Por María Celeste Vargas Martínez
No siento mi
cuerpo, ni mis raíces, ni mis ramas, ni el cosquilleo de las ardillas que
siempre corren. No siento a las orugas devorando mis hojas ni al pájaro
carpintero hurgando en mi tronco, ni a la mariposa saliendo de su capullo.
Tampoco siento el agua de lluvia llenándome de vida, ni puedo escuchar al
riachuelo corriendo apresurado a mi lado, ni oler el aroma de la tierra mojada
mientras penetra en mí. No veo las nubes
ni el azul del cielo y el sol y el viento han desaparecido.
Desde hace unos días todo es
oscuridad, pero en este cielo no hay estrellas ni Luna ni grillos, ni esos
sonidos típicos de las noches en el campo.

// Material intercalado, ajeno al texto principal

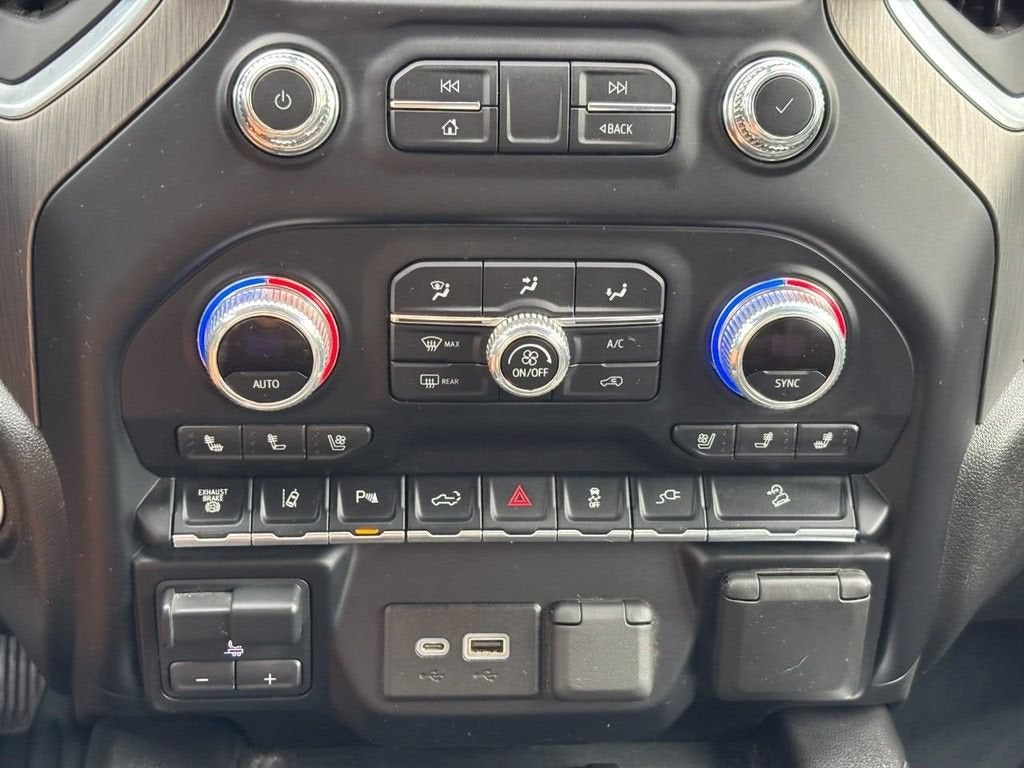 2022 GMC Sierra 2500 HD Denali
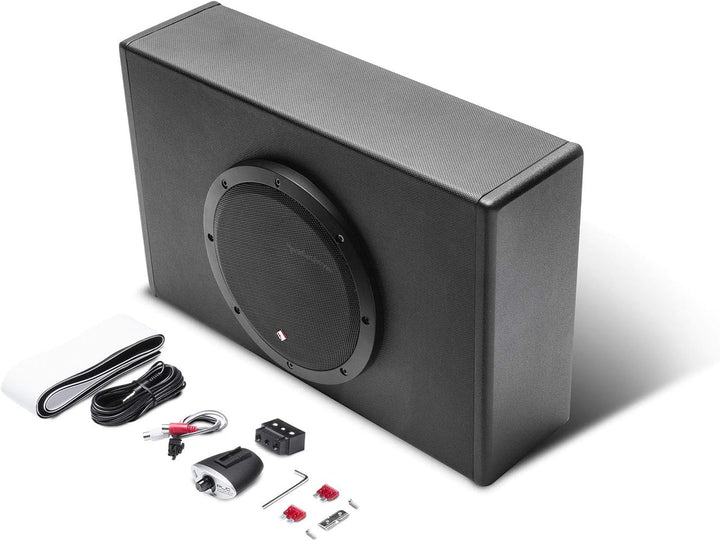 Rockford Fosgate P300-8P - 20cm Aktiv-Subwoofer Gehäuse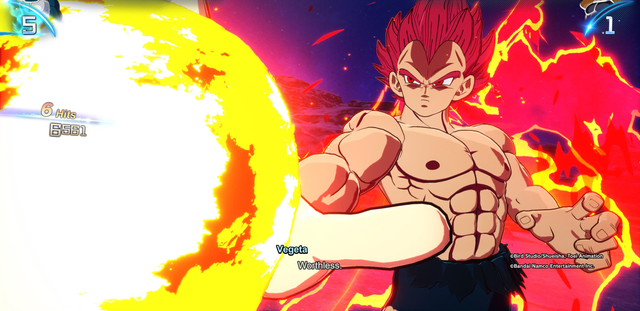 vegeta attacks god.png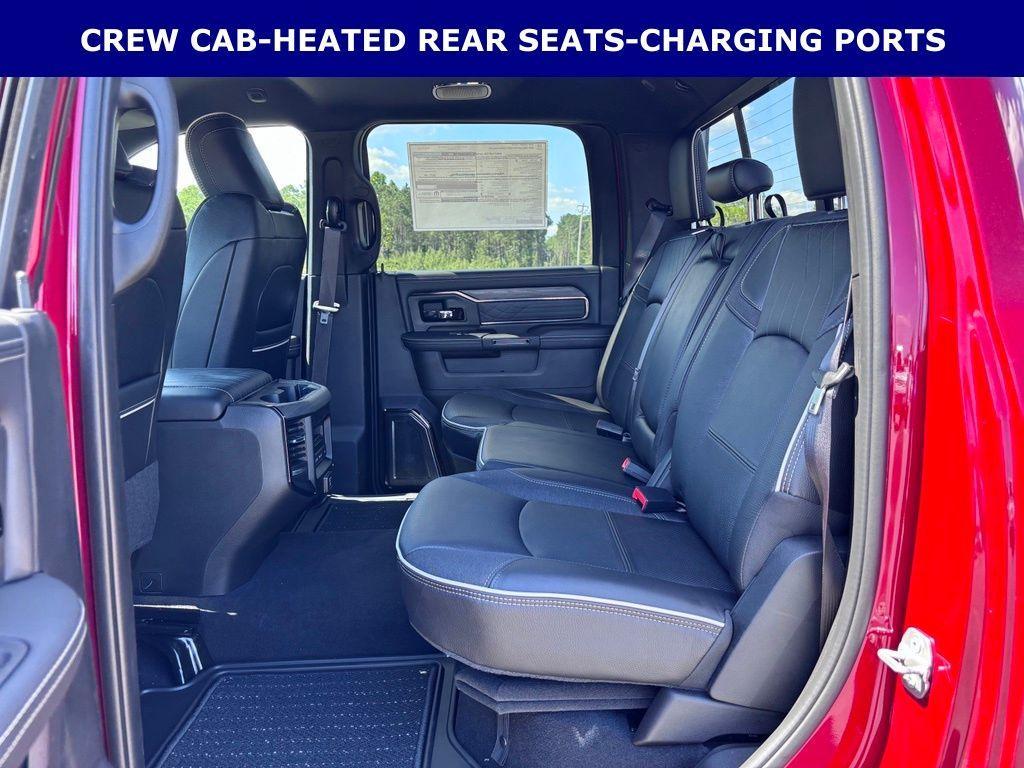 new 2026 Ram 3500 car, priced at $94,255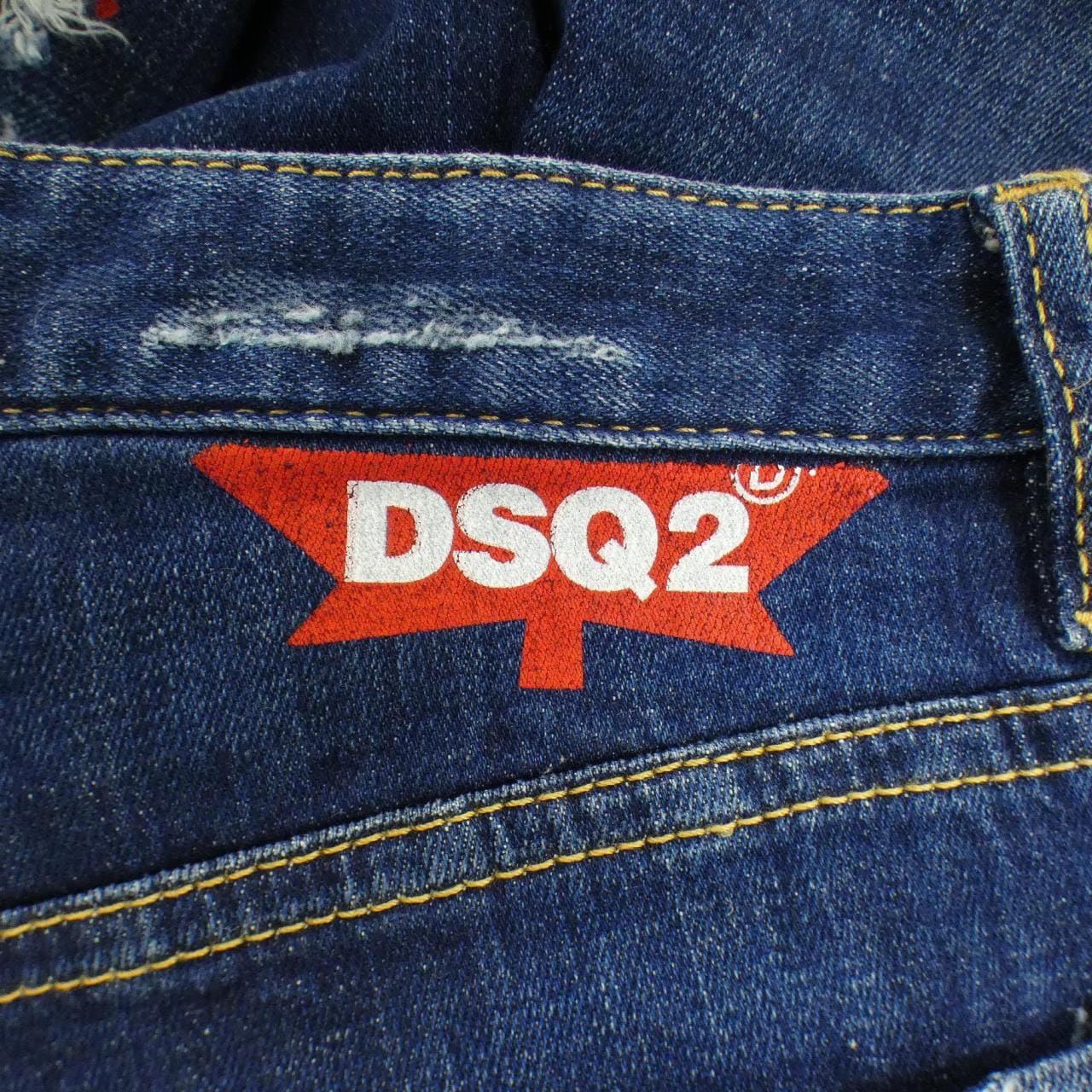 ディースクエアード DSQUARED2 S75LB0016 ジーンズ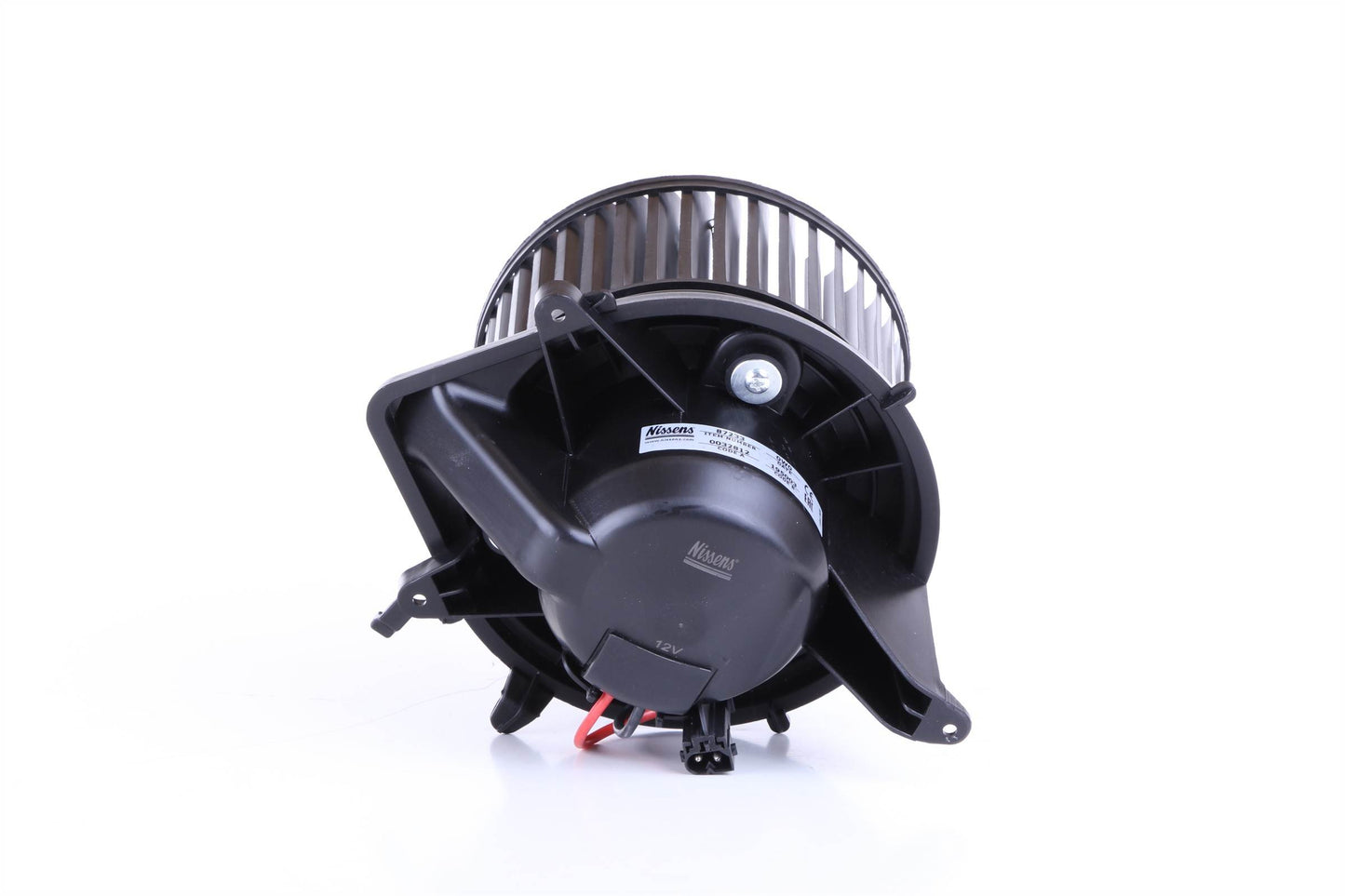 Nissens HVAC Blower Motor Assembly 87233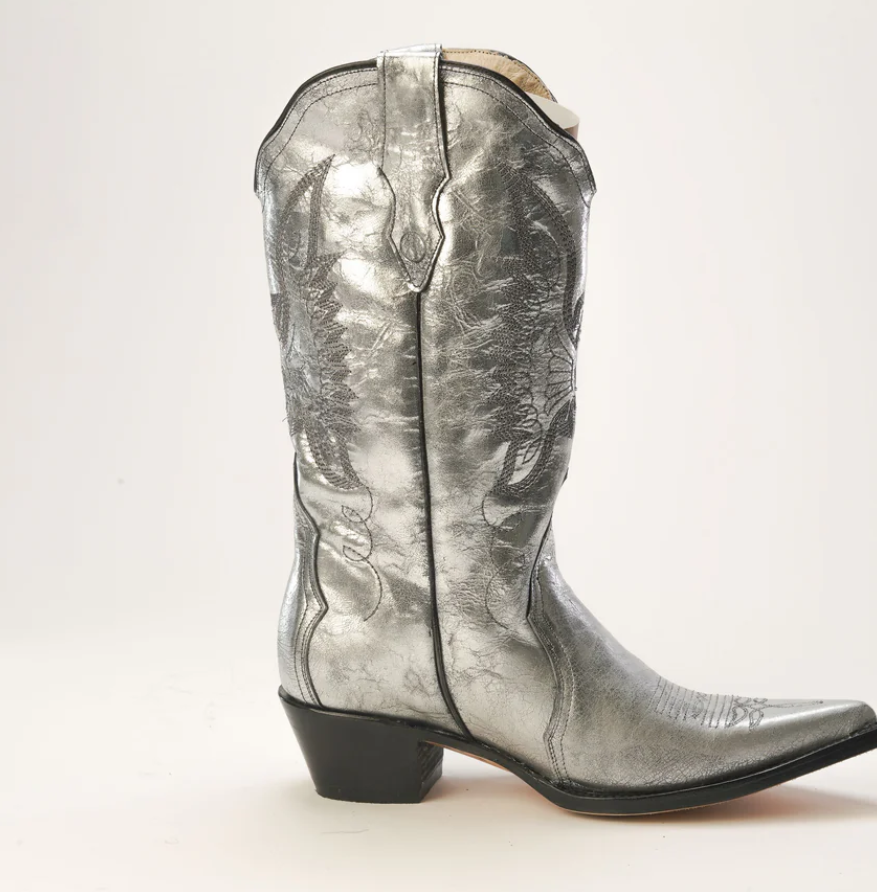 Jornada Boots Silver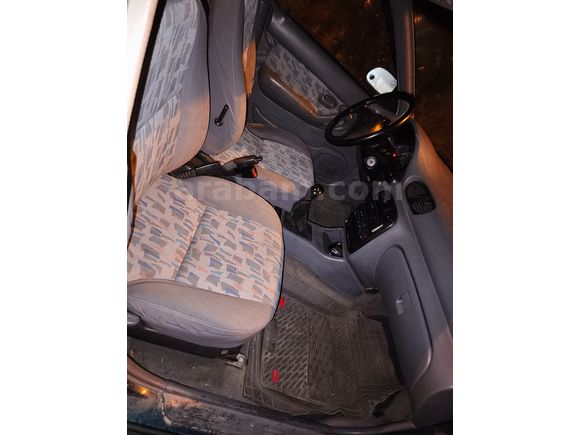 Sahibinden Hyundai Accent 1.5 GLS 1996 Model 
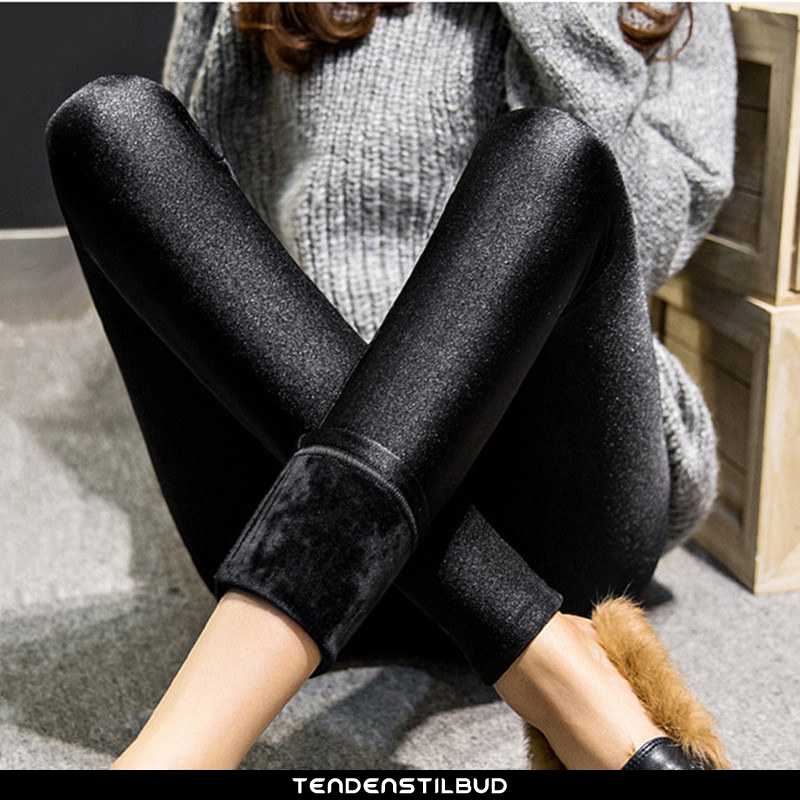 Leggings Dame Bukser Trend Alt Matcher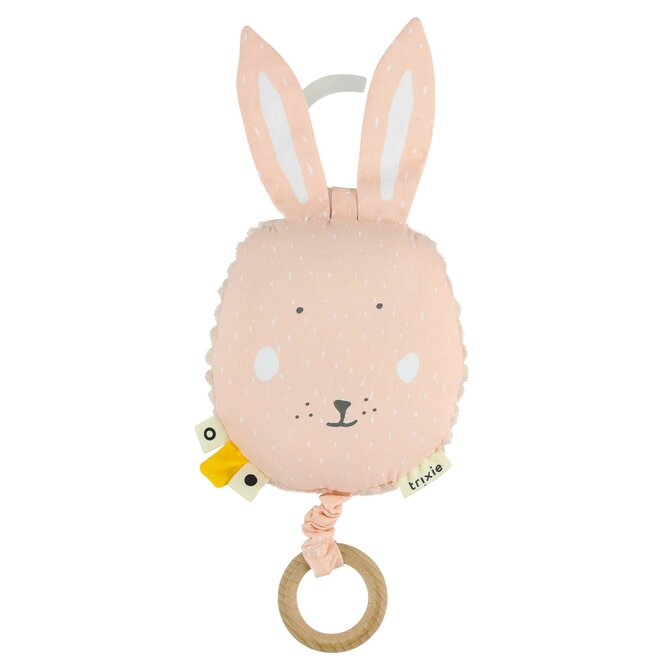 Hrací hračka Trixie - Mrs. Rabbit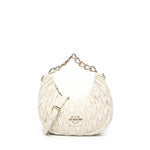 Borsa Quilted con logo JC4014PP1NLH0 110 LOVE MOSCHINO 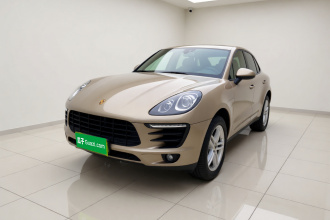 保时捷 2017款  Macan 2.0T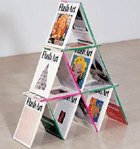 'Strategie', Cattelan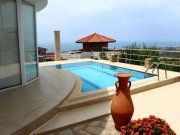 Alanya - AZ-Immobilien24.de - Villa in Alanya Kestel mit Meerblick Haus kaufen
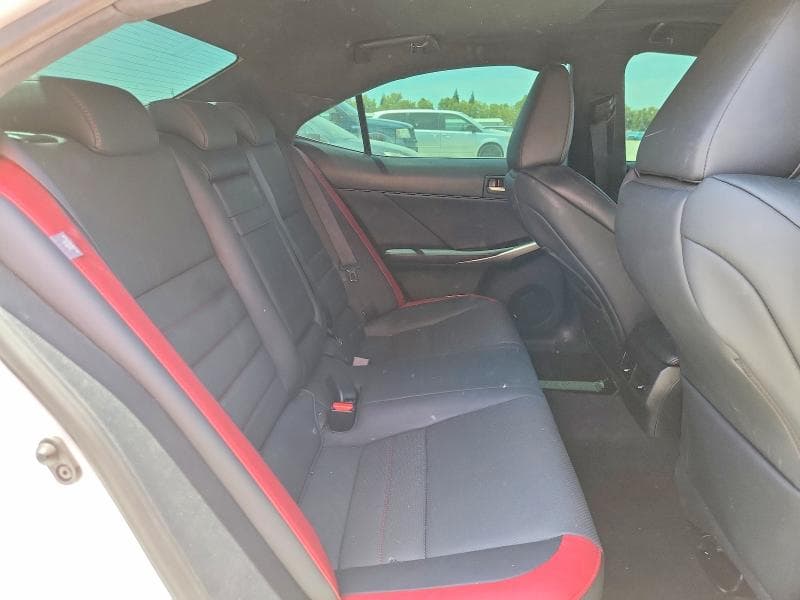 2019 LEXUS IS 300 10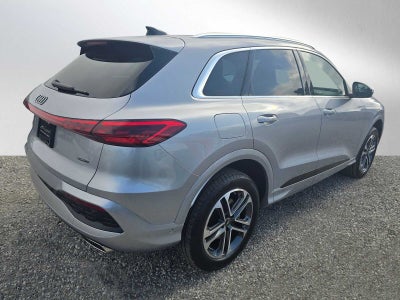 2025 Audi Q5 Premium Plus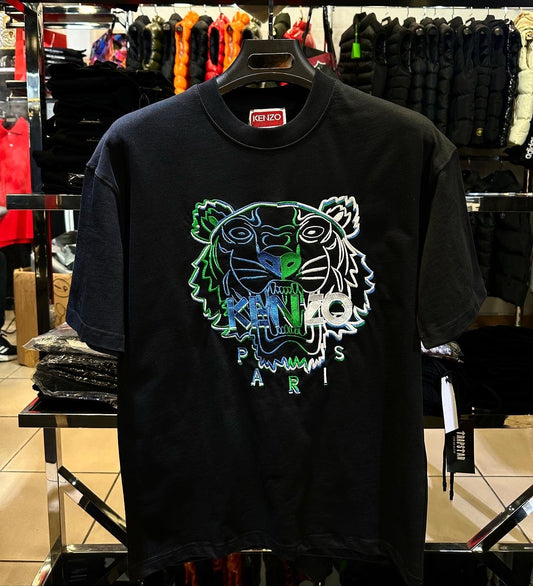 Kenzo T-Shirt Black D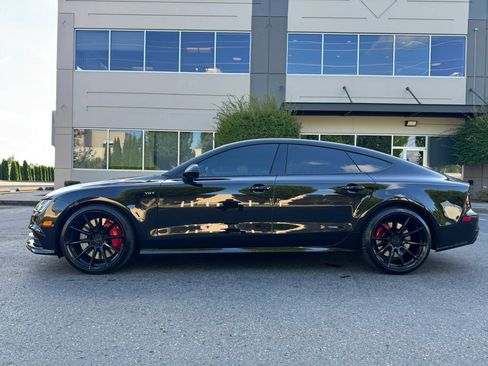 Used 2017 Audi S7 Premium Plus w/ S7 Sport Package AWD/4WD image 5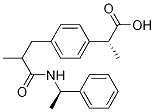(R,r)-n-(1-phenylethyl) ibuprofen amideStructure,121734-80-3Structure (R,r)-n-(1-phenylethyl) ibuprofen amide Structure,121734-80-3Structure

Estoy recostado sobre otros árboles.
Ellos también se lamentan de vez en vez, pero ninguno entendemos lo que ha
pasado. Todos estamos desnudos… nos han quitado nuestras ramas y la savia de
nuestras heridas escurre y se solidifica. Llevo varios días aquí. Todo se mueve
y de repente hay fuertes saltos donde
todos temblamos. Se escuchan sonidos, pero ninguno cercano… todos ajenos.
El movimiento ha cesado. De pronto
la luz se hace… es tan intensa que a cualquiera podría cegar. Se escuchan
ruidos. Alguien habla: “Esta semana he cortado muchos árboles, los haré vigas
para don Julián”. Todos temblamos porque
sabemos que hasta aquí hemos llegado.